▶ **Prompt**
What you hand back must match the records word for word, with no pictures.

▶ **Source information**
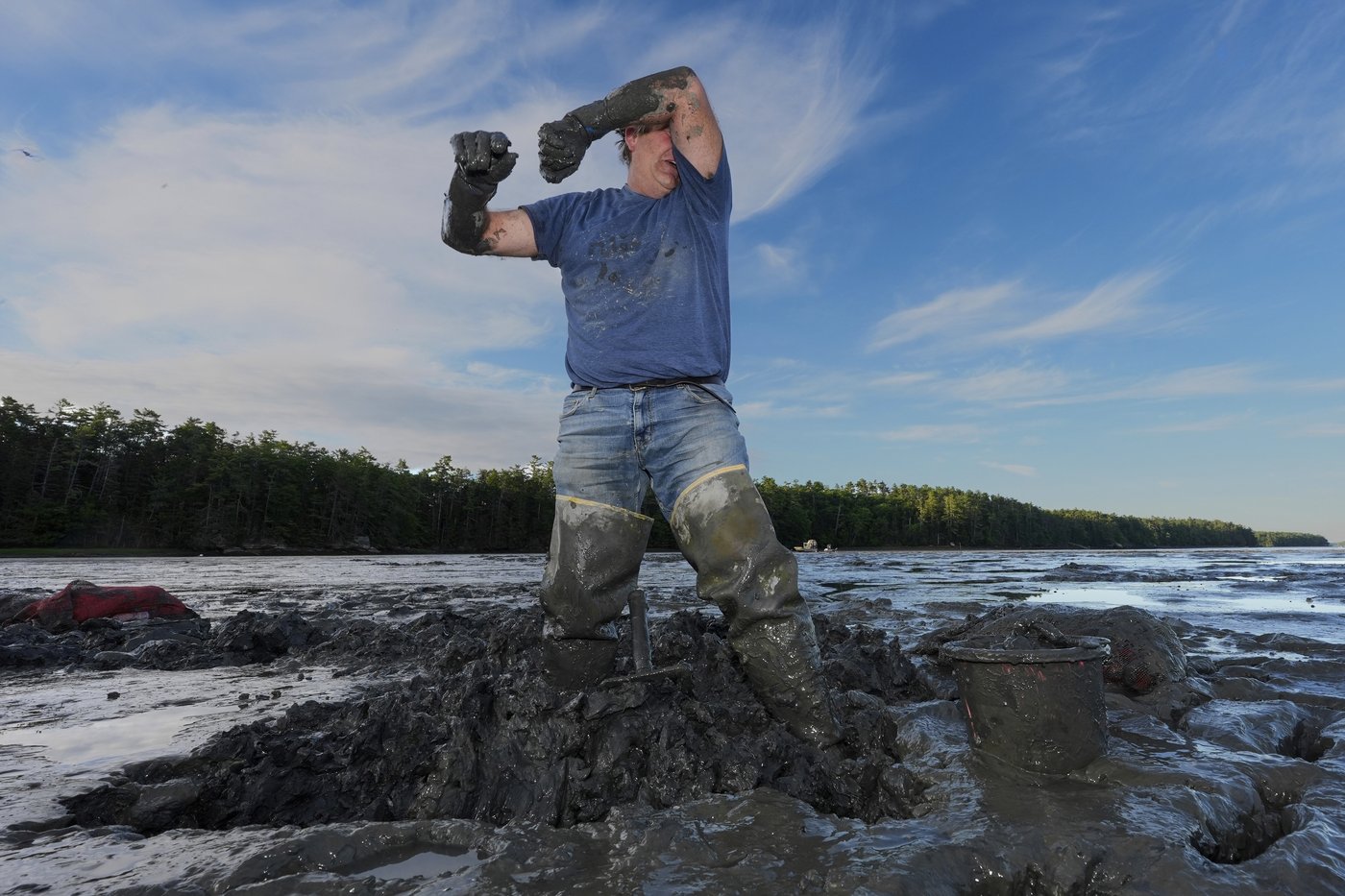 Invasive green crabs are bad for the environment, so New Englanders are starting to eat more of them | iNwine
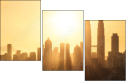 60817031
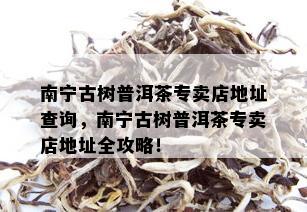 南宁古树普洱茶专卖店地址查询，南宁古树普洱茶专卖店地址全攻略！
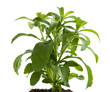 Stevia rebaudiana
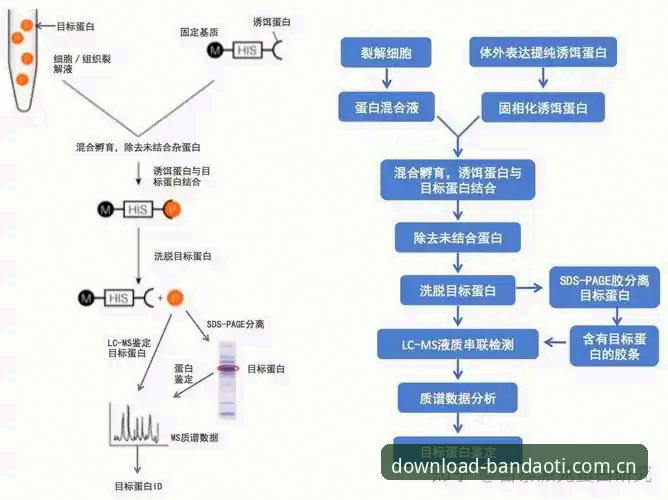 半岛体育下载地址 深入解析半岛体育下载的5个关键维度:从安全验证到全平台适配的完整指南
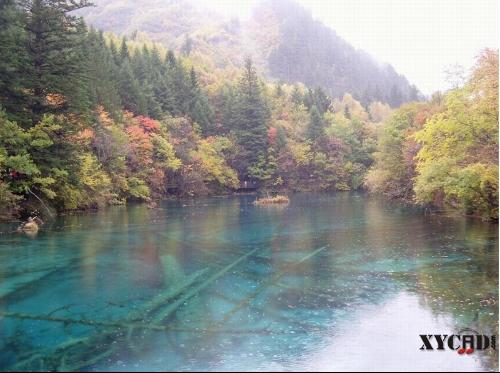 四川有什么好看的风景。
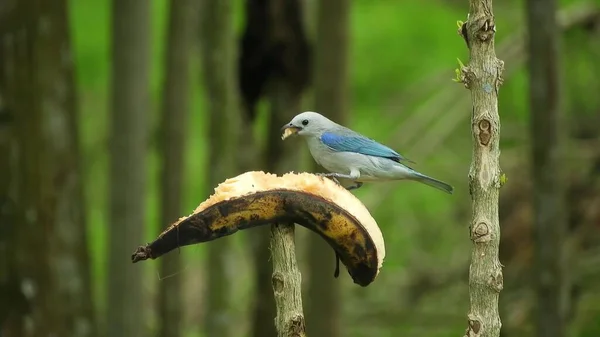 Small Bird Eats Ripe Banana Branch Green Leaves Background — Stockfoto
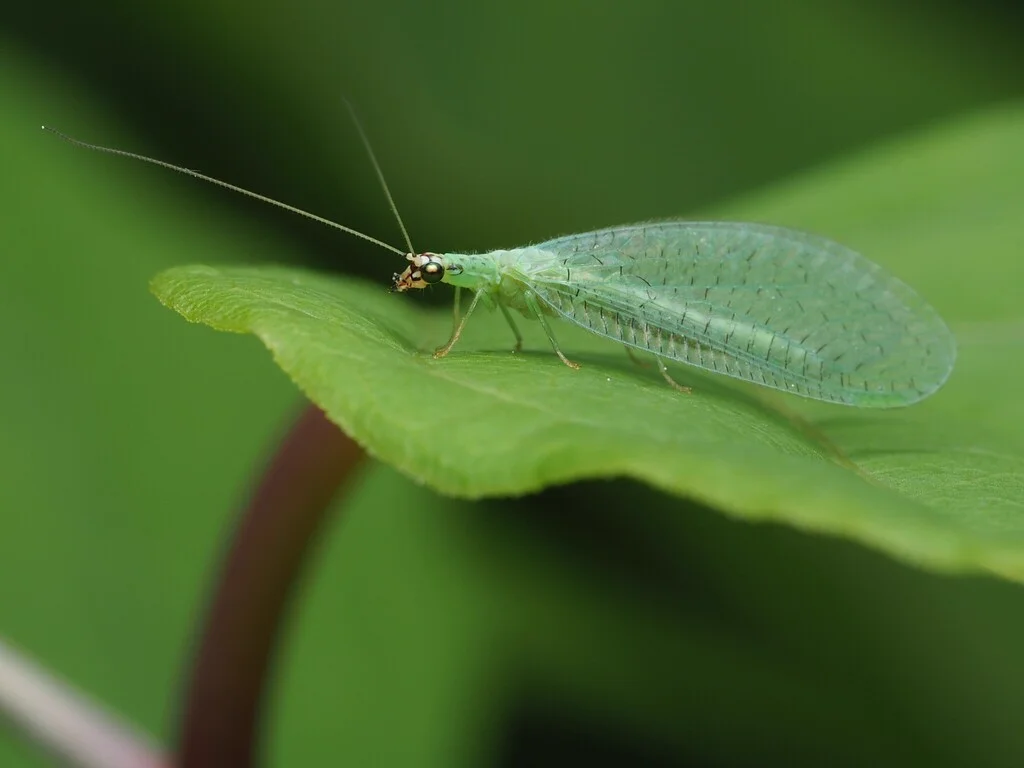 Green lacewing resting on a green leaf showing its characteristic long antennae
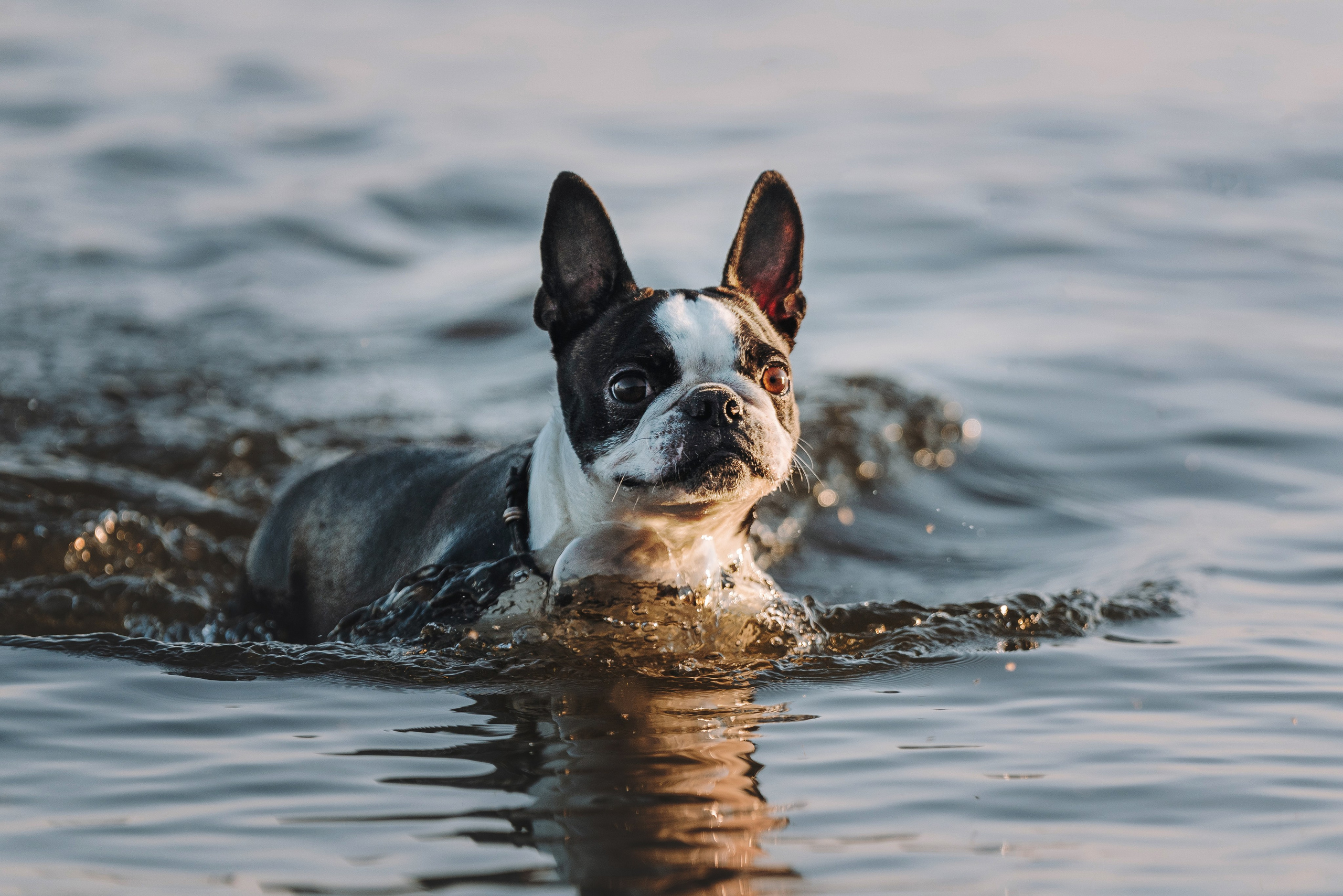 Анаита и Дора. Фотограф анималист в Спб недорого Олеся Майорова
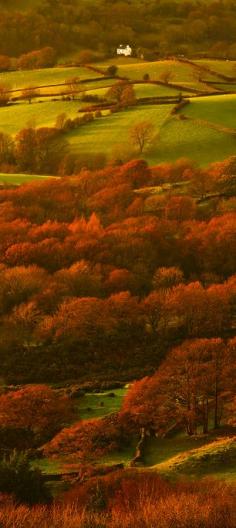 Lyth Valley, Lake District, Cumbria, England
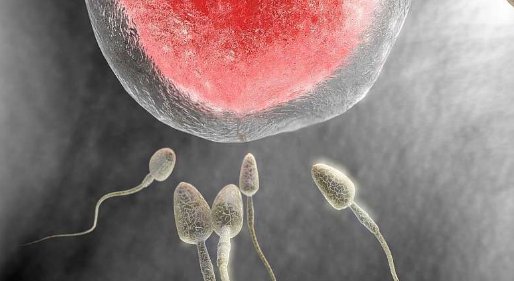 “单身女性冻卵案”一审败诉，“冻卵”是否违反伦理？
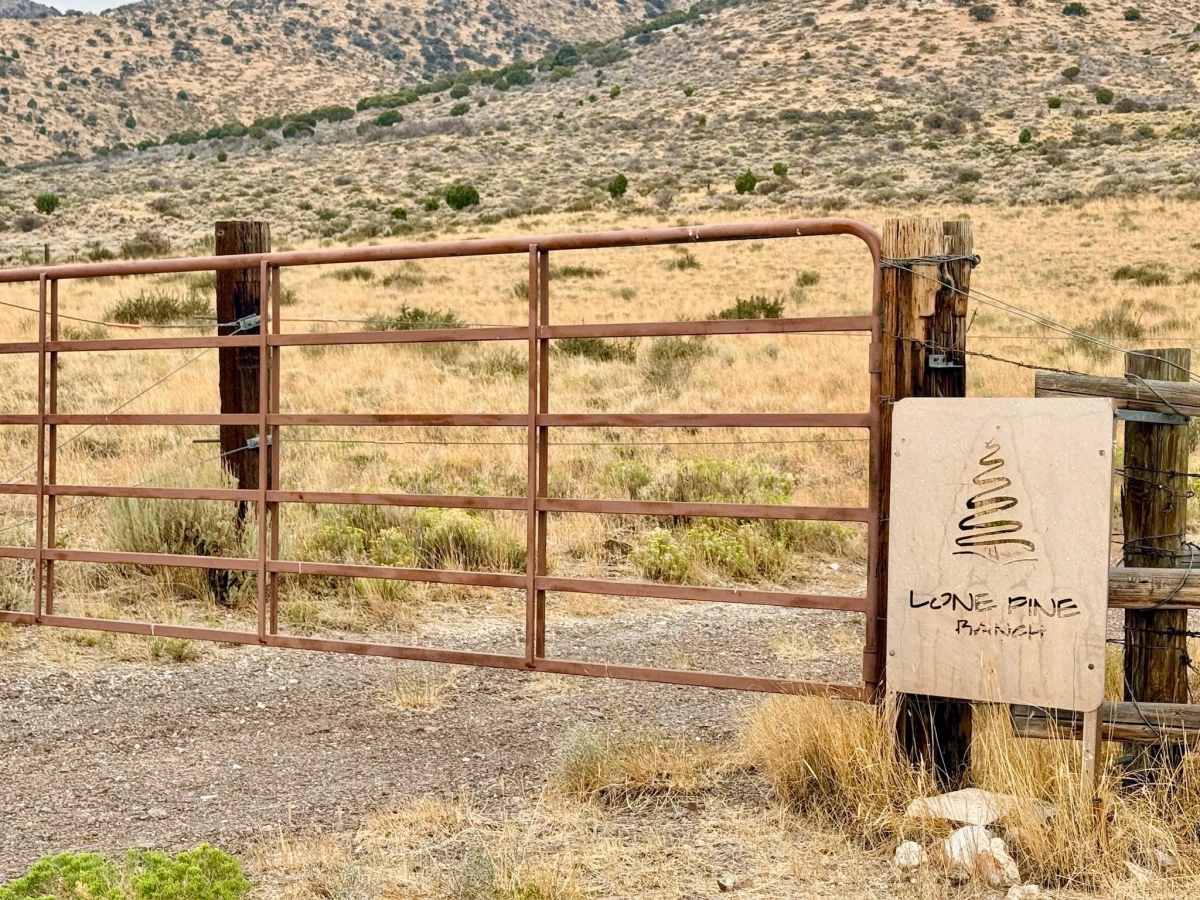 Lone Pine Ranch photo 2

▶ **Written answer**
 Invasive green crabs are bad for the environment, so New Englanders are starting to eat more of them | iNwine
 60817031
 南宁古树普洱茶专卖店地址查询，南宁古树普洱茶专卖店地址全攻略！
 Stevia rebaudiana
 半岛体育下载地址 深入解析半岛体育下载的5个关键维度:从安全验证到全平台适配的完整指南
 四川有什么好看的风景。
 Small Bird Eats Ripe Banana Branch Green Leaves Background — Stockfoto
 Green lacewing resting on a green leaf showing its characteristic long antennae
 Анаита и Дора. Фотограф анималист в Спб недорого Олеся Майорова
 Lyth Valley, Lake District, Cumbria, England
 “单身女性冻卵案”一审败诉，“冻卵”是否违反伦理？
 Lone Pine Ranch photo 2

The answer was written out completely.